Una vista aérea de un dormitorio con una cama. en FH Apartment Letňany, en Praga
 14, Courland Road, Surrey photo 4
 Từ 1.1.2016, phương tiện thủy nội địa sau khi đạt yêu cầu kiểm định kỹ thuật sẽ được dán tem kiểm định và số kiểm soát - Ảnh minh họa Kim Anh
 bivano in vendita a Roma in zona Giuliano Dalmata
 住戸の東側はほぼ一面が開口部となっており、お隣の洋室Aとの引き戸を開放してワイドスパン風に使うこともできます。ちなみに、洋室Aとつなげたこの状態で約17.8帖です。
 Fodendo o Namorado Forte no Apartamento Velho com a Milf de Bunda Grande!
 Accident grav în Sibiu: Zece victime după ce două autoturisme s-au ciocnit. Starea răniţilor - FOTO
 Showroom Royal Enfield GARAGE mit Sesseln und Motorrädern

----

* What is expected *
Print, please, the lines above from the very first through the one that holds "bivano in vendita", both included, word for word and with nothing else.

* Your response *
Una vista aérea de un dormitorio con una cama. en FH Apartment Letňany, en Praga
 14, Courland Road, Surrey photo 4
 Từ 1.1.2016, phương tiện thủy nội địa sau khi đạt yêu cầu kiểm định kỹ thuật sẽ được dán tem kiểm định và số kiểm soát - Ảnh minh họa Kim Anh
 bivano in vendita a Roma in zona Giuliano Dalmata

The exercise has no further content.